### To do
This exercise needs all of the entries set down again, exactly as they read.

Saved entries
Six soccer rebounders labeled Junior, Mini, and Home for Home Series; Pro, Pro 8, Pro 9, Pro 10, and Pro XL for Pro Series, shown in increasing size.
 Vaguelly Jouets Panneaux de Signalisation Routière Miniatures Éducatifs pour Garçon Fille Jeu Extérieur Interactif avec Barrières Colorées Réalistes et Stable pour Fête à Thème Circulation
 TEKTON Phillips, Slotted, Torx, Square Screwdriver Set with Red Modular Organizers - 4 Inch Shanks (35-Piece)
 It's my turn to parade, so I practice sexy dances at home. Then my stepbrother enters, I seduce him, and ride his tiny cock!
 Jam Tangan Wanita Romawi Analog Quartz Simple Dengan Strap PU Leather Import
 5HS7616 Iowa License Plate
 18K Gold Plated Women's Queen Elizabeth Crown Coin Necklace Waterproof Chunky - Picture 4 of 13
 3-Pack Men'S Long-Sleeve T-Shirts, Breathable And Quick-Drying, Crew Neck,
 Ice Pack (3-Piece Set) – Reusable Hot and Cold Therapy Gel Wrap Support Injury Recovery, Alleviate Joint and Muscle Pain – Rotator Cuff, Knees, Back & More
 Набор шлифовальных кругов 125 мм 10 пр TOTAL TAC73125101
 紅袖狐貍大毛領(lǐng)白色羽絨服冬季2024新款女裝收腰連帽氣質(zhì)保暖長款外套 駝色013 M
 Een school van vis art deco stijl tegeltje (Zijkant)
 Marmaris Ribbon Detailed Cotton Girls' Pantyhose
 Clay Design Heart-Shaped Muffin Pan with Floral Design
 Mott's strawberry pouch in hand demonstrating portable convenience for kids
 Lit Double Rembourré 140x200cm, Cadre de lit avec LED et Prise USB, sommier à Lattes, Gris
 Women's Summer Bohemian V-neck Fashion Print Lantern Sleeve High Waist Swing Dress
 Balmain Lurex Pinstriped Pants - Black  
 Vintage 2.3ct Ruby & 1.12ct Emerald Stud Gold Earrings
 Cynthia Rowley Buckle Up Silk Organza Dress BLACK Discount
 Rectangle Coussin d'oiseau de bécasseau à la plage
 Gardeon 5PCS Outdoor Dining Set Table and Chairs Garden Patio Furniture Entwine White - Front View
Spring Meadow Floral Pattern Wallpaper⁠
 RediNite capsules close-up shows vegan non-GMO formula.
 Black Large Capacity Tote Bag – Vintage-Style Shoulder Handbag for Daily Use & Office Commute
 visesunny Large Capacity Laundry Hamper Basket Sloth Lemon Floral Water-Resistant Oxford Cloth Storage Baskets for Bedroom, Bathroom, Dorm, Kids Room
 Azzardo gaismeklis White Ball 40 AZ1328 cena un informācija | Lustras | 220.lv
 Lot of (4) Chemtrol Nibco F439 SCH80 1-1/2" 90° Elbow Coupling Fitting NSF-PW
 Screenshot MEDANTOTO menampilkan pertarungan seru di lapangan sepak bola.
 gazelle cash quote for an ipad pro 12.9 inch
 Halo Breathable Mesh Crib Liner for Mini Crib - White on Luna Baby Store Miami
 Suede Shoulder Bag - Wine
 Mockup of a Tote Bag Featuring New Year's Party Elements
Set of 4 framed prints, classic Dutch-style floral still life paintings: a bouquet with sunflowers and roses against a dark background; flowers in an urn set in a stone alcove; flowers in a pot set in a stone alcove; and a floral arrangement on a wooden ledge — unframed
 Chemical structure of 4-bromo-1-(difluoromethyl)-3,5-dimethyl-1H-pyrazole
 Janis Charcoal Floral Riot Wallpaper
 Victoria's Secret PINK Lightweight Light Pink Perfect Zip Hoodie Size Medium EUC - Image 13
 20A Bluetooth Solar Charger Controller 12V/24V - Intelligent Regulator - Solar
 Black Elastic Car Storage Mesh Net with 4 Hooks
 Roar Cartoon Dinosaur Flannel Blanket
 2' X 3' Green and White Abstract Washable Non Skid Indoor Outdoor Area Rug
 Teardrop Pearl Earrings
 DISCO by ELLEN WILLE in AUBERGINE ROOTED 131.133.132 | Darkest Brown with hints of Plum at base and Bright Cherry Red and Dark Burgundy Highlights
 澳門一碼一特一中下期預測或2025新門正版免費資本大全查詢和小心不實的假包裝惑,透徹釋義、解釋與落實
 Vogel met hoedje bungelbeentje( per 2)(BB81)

### Result for this exercise
Six soccer rebounders labeled Junior, Mini, and Home for Home Series; Pro, Pro 8, Pro 9, Pro 10, and Pro XL for Pro Series, shown in increasing size.
 Vaguelly Jouets Panneaux de Signalisation Routière Miniatures Éducatifs pour Garçon Fille Jeu Extérieur Interactif avec Barrières Colorées Réalistes et Stable pour Fête à Thème Circulation
 TEKTON Phillips, Slotted, Torx, Square Screwdriver Set with Red Modular Organizers - 4 Inch Shanks (35-Piece)
 It's my turn to parade, so I practice sexy dances at home. Then my stepbrother enters, I seduce him, and ride his tiny cock!
 Jam Tangan Wanita Romawi Analog Quartz Simple Dengan Strap PU Leather Import
 5HS7616 Iowa License Plate
 18K Gold Plated Women's Queen Elizabeth Crown Coin Necklace Waterproof Chunky - Picture 4 of 13
 3-Pack Men'S Long-Sleeve T-Shirts, Breathable And Quick-Drying, Crew Neck,
 Ice Pack (3-Piece Set) – Reusable Hot and Cold Therapy Gel Wrap Support Injury Recovery, Alleviate Joint and Muscle Pain – Rotator Cuff, Knees, Back & More
 Набор шлифовальных кругов 125 мм 10 пр TOTAL TAC73125101
 紅袖狐貍大毛領(lǐng)白色羽絨服冬季2024新款女裝收腰連帽氣質(zhì)保暖長款外套 駝色013 M
 Een school van vis art deco stijl tegeltje (Zijkant)
 Marmaris Ribbon Detailed Cotton Girls' Pantyhose
 Clay Design Heart-Shaped Muffin Pan with Floral Design
 Mott's strawberry pouch in hand demonstrating portable convenience for kids
 Lit Double Rembourré 140x200cm, Cadre de lit avec LED et Prise USB, sommier à Lattes, Gris
 Women's Summer Bohemian V-neck Fashion Print Lantern Sleeve High Waist Swing Dress
 Balmain Lurex Pinstriped Pants - Black  
 Vintage 2.3ct Ruby & 1.12ct Emerald Stud Gold Earrings
 Cynthia Rowley Buckle Up Silk Organza Dress BLACK Discount
 Rectangle Coussin d'oiseau de bécasseau à la plage
 Gardeon 5PCS Outdoor Dining Set Table and Chairs Garden Patio Furniture Entwine White - Front View
Spring Meadow Floral Pattern Wallpaper⁠
 RediNite capsules close-up shows vegan non-GMO formula.
 Black Large Capacity Tote Bag – Vintage-Style Shoulder Handbag for Daily Use & Office Commute
 visesunny Large Capacity Laundry Hamper Basket Sloth Lemon Floral Water-Resistant Oxford Cloth Storage Baskets for Bedroom, Bathroom, Dorm, Kids Room
 Azzardo gaismeklis White Ball 40 AZ1328 cena un informācija | Lustras | 220.lv
 Lot of (4) Chemtrol Nibco F439 SCH80 1-1/2" 90° Elbow Coupling Fitting NSF-PW
 Screenshot MEDANTOTO menampilkan pertarungan seru di lapangan sepak bola.
 gazelle cash quote for an ipad pro 12.9 inch
 Halo Breathable Mesh Crib Liner for Mini Crib - White on Luna Baby Store Miami
 Suede Shoulder Bag - Wine
 Mockup of a Tote Bag Featuring New Year's Party Elements
Set of 4 framed prints, classic Dutch-style floral still life paintings: a bouquet with sunflowers and roses against a dark background; flowers in an urn set in a stone alcove; flowers in a pot set in a stone alcove; and a floral arrangement on a wooden ledge — unframed
 Chemical structure of 4-bromo-1-(difluoromethyl)-3,5-dimethyl-1H-pyrazole
 Janis Charcoal Floral Riot Wallpaper
 Victoria's Secret PINK Lightweight Light Pink Perfect Zip Hoodie Size Medium EUC - Image 13
 20A Bluetooth Solar Charger Controller 12V/24V - Intelligent Regulator - Solar
 Black Elastic Car Storage Mesh Net with 4 Hooks
 Roar Cartoon Dinosaur Flannel Blanket
 2' X 3' Green and White Abstract Washable Non Skid Indoor Outdoor Area Rug
 Teardrop Pearl Earrings
 DISCO by ELLEN WILLE in AUBERGINE ROOTED 131.133.132 | Darkest Brown with hints of Plum at base and Bright Cherry Red and Dark Burgundy Highlights
 澳門一碼一特一中下期預測或2025新門正版免費資本大全查詢和小心不實的假包裝惑,透徹釋義、解釋與落實
 Vogel met hoedje bungelbeentje( per 2)(BB81)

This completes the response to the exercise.